So my project is only using the CPU, right? I don't know how to use the GPU, I would like to do that improvement to the project. Regarding multithreading, I have used it in other programming languages but I need to search on Google about multithreading in C++. By the way, I don't have any fucking idea about quad doubles and AVX
Using CPU? Yes.
GPU programming has become simplified if you use C++ AMP.
Multithreading in C++ can be done a couple of different ways using std::thread or std::async. I haven't gotten the hang of threads yet, nor have I practiced them in the past few months. Std::async though is pretty simple to use and there is the parallel library ( include ppl.h ) that has a parallel_for_each function, but I don't think it's as efficient as just using std::async for some reason.
I believe chili is referring to using AVX as opposed to SSE because AVX supports 4 doubles at a time whereas SSE only supports 2.
AVX instructions can seem kind of intimidating at first, but you should be able to quickly catch on. The easiest way to deal with them is to create operator overloads for the main math operators ( +, -, *, / ). Perhaps even wrapper functions for the loading and storing of data as well, because the instructions names are long.
Loading
__m256d avxData = _mm256_load_pd( &someDoubleArray[ Idx ] ); // 32 byte aligned load
__m256d avxData = _mm256_loadu_pd( &someDoubleArray[ Idx ] ); // unaligned load
__m256d avxData = _mm256_set1_pd( 7.0 ); // Set all 4 doubles to 7.0
__m256d avxData = _mm256_set_pd(4.0, 3.0, 2.0, 1.0); // Sets the 4 doubles to 1.0, 2.0, 3.0, 4.0
Storing
alignas(32) double data[4];
_mm256_store_pd( data, avxData ); // stores data in 32 byte aligned memory address
_mm256_storeu_pd( data, avxData ); // stores unaligned data, unless the destination is already aligned
( There are a couple of other store functions, but can't remember them )
Math
Add
_mm256_add_pd( avxDataA, avxDataB );
Sub
_mm256_sub_pd( avxDataA, avxDataB );
Multiply
_mm256_mul_pd( avxDataA, avxDataB );
Divide
_mm256_div_pd( avxDataA, avxDataB );
The hardest part about SIMD ( SSE and AVX ) is the lack of branching, so no if statements.

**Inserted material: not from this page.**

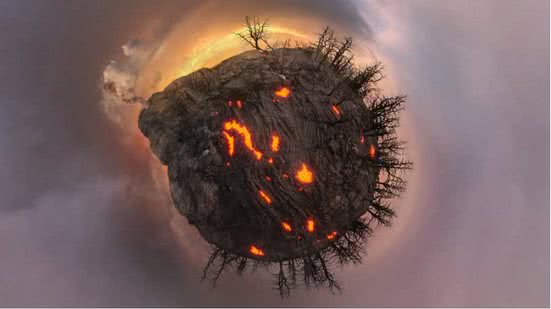 Reprodução - freepik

The good thing is sometimes you can do something similar to
double result = a < b ? 7.0 : 4.0;
This is a bit more involved using SIMD instructions especially AVX.

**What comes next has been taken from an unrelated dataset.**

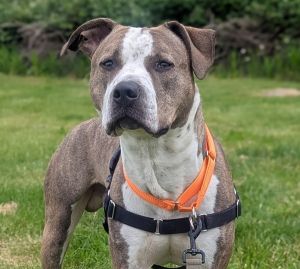 Wade (mcas), Adult Male Pit Bull Terrier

// This is the data. alignas(32) just allocates data on 32 byte boundaries
alignas( 32 ) double data0[ 4 ]{ 4.0, 3.0, 2.0, 1.0 };
alignas( 32 ) double data1[ 4 ]{ 3.0, 3.0, 3.0, 3.0 };
alignas( 32 ) double data2[ 4 ]{ 4.0, 4.0, 4.0, 4.0 };
// Using 32 byte aligned loads
__m256d avxData0 = _mm256_load_pd( data0 );
__m256d avxData1 = _mm256_load_pd( data1 );
__m256d avxData2 = _mm256_load_pd( data2 );
// Create the true mask, this mask will return a bit pattern of 0xFFFFFFFFFFFFFFFF for channels that pass the Greater than or equals check
__m256d trueMask = _mm256_cmp_pd( avxData0, avxData1, _CMP_GE_OQ );
// When doing the checks, make sure to pass the mask as the left param, especially for the andnot function, try swapping them and see what you come up with as an experiment.
// If channel is greater than 3.0
__m256d _if = _mm256_and_pd( trueMask, avxData2 );
// else
__m256d _else = _mm256_andnot_pd( trueMask, avxData1 );
// The result is { 4.0, 4.0, 3.0, 3.0 } because 4 and 3 are greater or equal to 3 while 2 and 1 aren't
// Combine results
__m256d result = _mm256_or_pd( _if, _else );
Things get even more complex trying to simulate if/else if/else conditions though.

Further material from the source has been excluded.